[Records excerpted from a collection]
****************************************

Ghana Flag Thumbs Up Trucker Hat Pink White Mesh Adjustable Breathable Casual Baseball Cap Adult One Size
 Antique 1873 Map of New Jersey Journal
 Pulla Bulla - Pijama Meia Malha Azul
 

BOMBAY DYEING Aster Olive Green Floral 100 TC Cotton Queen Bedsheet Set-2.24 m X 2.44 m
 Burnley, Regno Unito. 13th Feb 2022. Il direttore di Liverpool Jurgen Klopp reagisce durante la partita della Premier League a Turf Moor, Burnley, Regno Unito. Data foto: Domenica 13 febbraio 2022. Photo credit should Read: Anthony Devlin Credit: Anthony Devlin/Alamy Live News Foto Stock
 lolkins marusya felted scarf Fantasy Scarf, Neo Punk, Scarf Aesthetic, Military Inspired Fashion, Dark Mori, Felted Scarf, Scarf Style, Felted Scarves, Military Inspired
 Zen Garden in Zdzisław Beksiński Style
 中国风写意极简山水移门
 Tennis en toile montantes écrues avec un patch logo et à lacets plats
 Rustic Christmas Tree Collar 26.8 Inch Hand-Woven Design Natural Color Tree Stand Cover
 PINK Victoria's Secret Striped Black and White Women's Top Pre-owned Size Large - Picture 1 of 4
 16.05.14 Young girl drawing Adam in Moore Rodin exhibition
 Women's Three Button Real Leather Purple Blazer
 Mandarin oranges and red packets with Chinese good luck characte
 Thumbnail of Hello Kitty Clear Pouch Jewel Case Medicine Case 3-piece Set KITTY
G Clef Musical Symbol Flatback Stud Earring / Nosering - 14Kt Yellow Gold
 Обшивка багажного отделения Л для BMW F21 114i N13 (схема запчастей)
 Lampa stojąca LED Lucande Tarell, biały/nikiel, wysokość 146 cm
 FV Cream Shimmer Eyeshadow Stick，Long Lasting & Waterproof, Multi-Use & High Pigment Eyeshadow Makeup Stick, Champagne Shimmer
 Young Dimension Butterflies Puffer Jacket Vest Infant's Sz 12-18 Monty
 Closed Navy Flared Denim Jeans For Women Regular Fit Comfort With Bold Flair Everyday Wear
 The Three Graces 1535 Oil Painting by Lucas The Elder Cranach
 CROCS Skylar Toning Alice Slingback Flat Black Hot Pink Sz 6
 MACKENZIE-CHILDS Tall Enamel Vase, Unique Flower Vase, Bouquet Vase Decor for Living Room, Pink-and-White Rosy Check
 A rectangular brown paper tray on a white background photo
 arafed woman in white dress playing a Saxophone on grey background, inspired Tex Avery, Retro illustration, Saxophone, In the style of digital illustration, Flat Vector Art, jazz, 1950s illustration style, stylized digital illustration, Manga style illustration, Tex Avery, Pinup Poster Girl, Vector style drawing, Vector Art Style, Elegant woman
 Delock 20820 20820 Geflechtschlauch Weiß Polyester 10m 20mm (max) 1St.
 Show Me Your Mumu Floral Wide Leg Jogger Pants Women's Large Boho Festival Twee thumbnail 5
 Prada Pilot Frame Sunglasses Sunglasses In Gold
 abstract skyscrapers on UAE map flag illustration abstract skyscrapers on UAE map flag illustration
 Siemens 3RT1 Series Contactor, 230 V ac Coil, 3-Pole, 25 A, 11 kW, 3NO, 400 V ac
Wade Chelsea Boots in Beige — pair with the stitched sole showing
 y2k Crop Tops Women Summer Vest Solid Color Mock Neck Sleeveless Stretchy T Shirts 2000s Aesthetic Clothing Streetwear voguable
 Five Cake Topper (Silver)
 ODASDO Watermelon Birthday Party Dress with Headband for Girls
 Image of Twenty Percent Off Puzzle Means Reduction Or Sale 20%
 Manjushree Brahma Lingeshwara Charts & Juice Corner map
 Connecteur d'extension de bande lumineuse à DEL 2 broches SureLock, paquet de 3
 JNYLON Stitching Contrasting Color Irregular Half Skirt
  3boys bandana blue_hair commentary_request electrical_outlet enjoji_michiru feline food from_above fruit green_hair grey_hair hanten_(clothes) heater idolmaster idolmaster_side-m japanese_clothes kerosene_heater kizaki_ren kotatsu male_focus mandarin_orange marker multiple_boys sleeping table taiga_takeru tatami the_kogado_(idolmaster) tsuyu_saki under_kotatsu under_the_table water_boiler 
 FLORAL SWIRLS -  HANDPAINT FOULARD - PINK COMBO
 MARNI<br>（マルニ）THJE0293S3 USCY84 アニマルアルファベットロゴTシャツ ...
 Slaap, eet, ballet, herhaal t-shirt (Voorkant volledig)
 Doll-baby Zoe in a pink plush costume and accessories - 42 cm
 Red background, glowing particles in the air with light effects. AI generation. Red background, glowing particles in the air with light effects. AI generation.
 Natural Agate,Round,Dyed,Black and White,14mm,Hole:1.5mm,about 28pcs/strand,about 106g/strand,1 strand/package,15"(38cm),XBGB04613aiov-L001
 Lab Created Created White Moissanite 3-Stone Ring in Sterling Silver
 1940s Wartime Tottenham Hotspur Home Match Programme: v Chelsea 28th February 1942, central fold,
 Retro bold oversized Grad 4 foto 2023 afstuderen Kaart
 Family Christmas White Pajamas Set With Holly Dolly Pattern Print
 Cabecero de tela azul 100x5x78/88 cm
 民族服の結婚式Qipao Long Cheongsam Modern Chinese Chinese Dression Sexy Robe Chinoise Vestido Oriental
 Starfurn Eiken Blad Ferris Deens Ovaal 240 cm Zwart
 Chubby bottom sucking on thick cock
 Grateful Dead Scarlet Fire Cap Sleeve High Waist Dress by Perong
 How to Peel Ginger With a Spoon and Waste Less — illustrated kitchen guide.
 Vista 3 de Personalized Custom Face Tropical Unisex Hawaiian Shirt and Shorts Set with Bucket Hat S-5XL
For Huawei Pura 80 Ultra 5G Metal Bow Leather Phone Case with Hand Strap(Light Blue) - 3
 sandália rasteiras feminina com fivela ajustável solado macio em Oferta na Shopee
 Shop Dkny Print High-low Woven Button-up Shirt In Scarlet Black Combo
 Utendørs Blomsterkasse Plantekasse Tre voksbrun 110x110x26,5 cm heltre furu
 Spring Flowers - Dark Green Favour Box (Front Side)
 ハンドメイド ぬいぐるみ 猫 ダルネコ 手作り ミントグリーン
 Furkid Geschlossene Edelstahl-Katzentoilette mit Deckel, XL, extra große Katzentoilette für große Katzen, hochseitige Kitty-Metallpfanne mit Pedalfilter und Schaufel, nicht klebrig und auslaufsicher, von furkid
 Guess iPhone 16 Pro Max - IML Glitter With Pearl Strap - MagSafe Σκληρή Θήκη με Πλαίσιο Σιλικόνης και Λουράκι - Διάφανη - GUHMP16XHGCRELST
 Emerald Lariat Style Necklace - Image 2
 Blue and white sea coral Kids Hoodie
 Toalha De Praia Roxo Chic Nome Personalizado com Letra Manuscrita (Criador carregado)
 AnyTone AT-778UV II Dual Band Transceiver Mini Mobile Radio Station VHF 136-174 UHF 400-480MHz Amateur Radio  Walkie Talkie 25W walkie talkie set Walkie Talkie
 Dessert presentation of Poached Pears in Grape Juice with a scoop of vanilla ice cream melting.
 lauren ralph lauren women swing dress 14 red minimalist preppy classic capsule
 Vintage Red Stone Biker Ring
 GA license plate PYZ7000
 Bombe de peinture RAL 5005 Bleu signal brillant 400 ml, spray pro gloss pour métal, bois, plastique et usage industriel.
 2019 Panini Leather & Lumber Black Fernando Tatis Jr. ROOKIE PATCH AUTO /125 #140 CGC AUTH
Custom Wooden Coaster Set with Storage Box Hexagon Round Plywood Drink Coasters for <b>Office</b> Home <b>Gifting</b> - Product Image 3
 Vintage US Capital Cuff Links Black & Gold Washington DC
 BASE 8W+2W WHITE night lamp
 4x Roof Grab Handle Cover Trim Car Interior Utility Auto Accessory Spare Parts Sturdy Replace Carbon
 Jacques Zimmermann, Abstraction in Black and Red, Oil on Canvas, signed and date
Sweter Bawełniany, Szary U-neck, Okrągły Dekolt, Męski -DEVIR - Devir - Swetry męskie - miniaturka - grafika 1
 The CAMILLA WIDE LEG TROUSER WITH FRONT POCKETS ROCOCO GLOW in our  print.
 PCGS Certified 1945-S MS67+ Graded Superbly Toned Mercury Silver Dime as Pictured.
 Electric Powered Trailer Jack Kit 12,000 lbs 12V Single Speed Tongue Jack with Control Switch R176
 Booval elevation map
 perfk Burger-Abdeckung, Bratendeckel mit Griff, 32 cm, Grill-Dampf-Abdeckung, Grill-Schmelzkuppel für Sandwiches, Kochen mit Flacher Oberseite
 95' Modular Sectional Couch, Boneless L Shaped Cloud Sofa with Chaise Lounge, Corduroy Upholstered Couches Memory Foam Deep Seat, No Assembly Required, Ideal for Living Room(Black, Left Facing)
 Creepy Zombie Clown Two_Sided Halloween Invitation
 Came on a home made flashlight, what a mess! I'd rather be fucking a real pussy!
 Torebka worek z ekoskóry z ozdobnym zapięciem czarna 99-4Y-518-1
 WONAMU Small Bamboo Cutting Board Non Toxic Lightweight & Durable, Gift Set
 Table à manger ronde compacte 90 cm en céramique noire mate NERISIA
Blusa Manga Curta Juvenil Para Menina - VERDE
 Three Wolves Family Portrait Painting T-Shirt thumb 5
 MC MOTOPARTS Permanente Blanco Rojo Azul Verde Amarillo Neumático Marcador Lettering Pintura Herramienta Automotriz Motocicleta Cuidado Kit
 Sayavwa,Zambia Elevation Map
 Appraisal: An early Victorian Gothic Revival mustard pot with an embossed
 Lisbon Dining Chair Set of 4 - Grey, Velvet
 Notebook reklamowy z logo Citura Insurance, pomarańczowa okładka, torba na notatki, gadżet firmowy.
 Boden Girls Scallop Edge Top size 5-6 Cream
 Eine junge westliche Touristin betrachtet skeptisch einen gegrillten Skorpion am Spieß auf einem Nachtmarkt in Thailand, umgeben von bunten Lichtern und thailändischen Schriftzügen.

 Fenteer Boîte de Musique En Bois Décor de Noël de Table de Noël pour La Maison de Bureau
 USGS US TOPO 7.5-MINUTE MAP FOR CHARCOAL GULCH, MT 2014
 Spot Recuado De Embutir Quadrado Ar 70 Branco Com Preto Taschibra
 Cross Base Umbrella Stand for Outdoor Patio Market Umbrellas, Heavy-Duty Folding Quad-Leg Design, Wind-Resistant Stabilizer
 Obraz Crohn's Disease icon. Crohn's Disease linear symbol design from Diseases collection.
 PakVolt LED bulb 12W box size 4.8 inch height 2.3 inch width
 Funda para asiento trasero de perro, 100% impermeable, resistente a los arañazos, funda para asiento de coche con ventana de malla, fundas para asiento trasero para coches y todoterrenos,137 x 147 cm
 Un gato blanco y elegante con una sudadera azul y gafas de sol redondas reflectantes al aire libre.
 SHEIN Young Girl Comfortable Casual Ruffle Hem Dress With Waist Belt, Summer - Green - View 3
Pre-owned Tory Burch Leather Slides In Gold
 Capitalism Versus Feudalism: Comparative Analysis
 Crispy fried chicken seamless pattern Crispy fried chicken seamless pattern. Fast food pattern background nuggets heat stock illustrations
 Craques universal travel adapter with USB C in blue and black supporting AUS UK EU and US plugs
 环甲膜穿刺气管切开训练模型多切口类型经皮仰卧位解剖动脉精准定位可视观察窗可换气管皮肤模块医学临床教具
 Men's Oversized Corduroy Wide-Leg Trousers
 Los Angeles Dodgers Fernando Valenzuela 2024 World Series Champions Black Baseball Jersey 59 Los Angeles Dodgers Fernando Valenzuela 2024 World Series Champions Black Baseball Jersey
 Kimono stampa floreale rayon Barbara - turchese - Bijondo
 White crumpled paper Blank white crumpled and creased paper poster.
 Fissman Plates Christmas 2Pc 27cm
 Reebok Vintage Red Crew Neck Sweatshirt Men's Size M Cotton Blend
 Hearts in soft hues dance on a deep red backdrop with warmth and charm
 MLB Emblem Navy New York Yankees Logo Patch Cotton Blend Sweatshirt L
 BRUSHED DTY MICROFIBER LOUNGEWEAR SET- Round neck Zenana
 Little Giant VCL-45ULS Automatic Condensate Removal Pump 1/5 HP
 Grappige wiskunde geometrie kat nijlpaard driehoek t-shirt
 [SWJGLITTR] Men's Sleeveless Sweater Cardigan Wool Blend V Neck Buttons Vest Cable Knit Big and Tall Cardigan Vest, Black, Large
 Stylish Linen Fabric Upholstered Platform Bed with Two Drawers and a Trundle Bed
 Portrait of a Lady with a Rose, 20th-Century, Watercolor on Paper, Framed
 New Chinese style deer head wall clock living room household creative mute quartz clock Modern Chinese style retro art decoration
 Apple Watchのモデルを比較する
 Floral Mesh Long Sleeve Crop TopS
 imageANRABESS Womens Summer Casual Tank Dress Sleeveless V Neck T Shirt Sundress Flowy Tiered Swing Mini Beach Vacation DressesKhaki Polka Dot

****************************************

### [WHAT THE TASK REQUIRES]
Please copy every line from the entries that includes the word "Modern".

### [TASK RESULT]
 民族服の結婚式Qipao Long Cheongsam Modern Chinese Chinese Dression Sexy Robe Chinoise Vestido Oriental
 New Chinese style deer head wall clock living room household creative mute quartz clock Modern Chinese style retro art decoration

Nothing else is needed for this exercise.